At the Pickled Pig Pub in Rehoboth Beach, beer infusions have been offered for the last year and a half, according to Ben Cowell, the restaurant’s beer director. He said they add a new element of creativity and excitement to beer.
“I think right now in the craft beer market, there’s been this rush to try something new,” he said. “Everyone wants something new and exciting, different styles they may not have experienced. This sort of opens this up to a whole new world of flavors and experiences.”
The tool the Pickled Pig Pub uses to do the infusions is known as Randall the Enamel Animal, and it’s a creation of Dogfish Head Craft Brewery founder and president Sam Calagione.
Calagione said he built the Randall as a way to infuse more hops in its 120 Minute IPA during a contest in 2002. Not only did the beer win the contest, but that’s when his contraption started to become a hit.
Over the years, the Randall has been developed further.

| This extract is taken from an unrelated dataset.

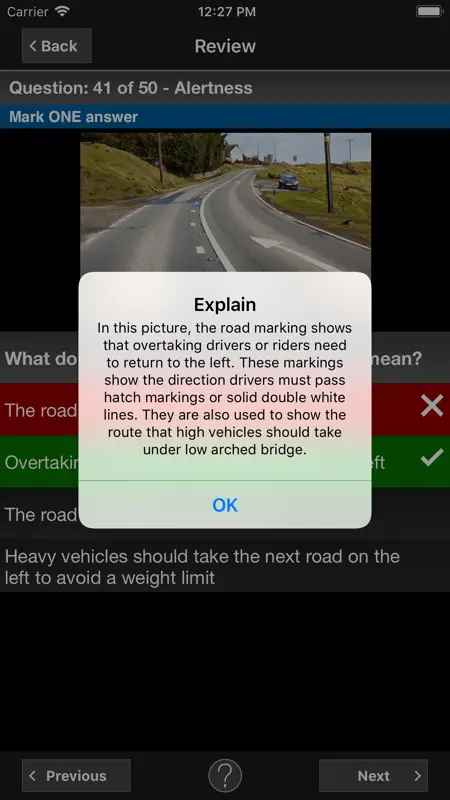 Theory Test Kit UK Car Drivers screenshot 2 of 9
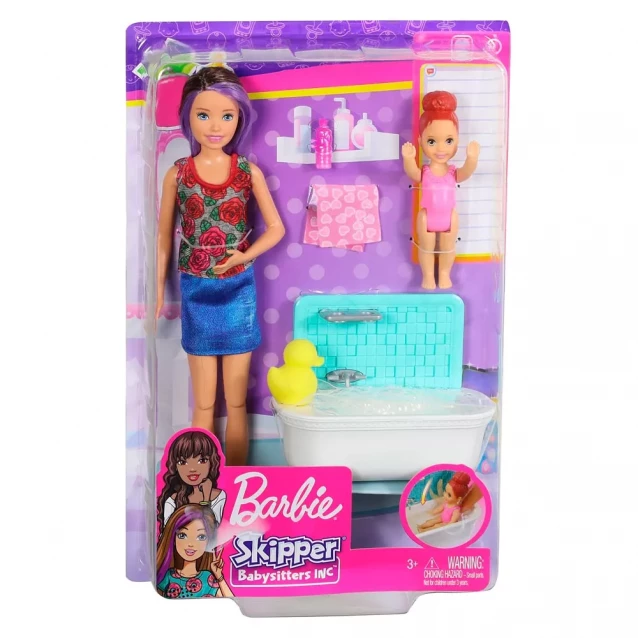Набір Barbie "Піклування" серії "Догляд за малюками", в ас. - 2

It’s now in its third iteration — Randall 3.0 — and Calagione said more than 400 Randalls, which retail at $288, have been sold.
The Randall 3.0 has two chambers. The first is hooked up to a draft and is filled with hops, or whatever you want to infuse the beer with. Once the beer flows through the inlet, it enters the outlet, where it defoams. Then, the final product is dispensed via a faucet.
“The alcohol in the beer acts as a solvent and strips the natural flavors off of the natural oils and essences in compounds in whatever you have in the Randall,” Calagione said. “It releases it right into the beer.”
The brewery also created a smaller device, the Randall Jr., last year, which at $20, can hold 16 ounces of beer at a time and eliminates the need for draft beer and allows for the use of bottled or canned beer.
Calagione said he’s seen his devices around the world, as far as New Zealand and as recently as two weeks ago in Stockholm, exceeding his expectations from the beginning, when he thought he would only be making one.
He said what he likes most about the beer infusions is that it emphasizes the role of certain ingredients in beer production at the consumer level. Allowing the addition of more hops, he said, allows the consumer to make an assumption of what hops contributes to the beer.
Infusing also serve as inspiration for other local breweries. At 16 Mile Brewery, an infusion of its Inlet IPA with mango led to the inspiration behind its upcoming Collaboration Brews for a Cause beer which will be made later this year.
“Quite frankly, it gives us ideas for beers down the line that we want to do,” said 16 Mile tavern manager Rich Gustafson, who is also the brewery’s infuser. “It’s almost like research and development for that particular idea.”
Gustafson has been experimenting with new flavors since he joined 16 Mile in December, which have been well-received. He wanted to show ways to add extra flavors to already flavorful beers, and the process, he said takes seconds.
“Everybody seems to love them,” he said. “One of the reasons I keep doing it every Friday night is because of the great response to it.”
The brewery is in the process of testing a prototype infuser by Ohio-based Beer Tubes, which would allow breweries or restaurants to offer concoctions without using draft.
“In a lot of ways, it’s the next evolution of buying a pitcher and taking it to your table,” he said.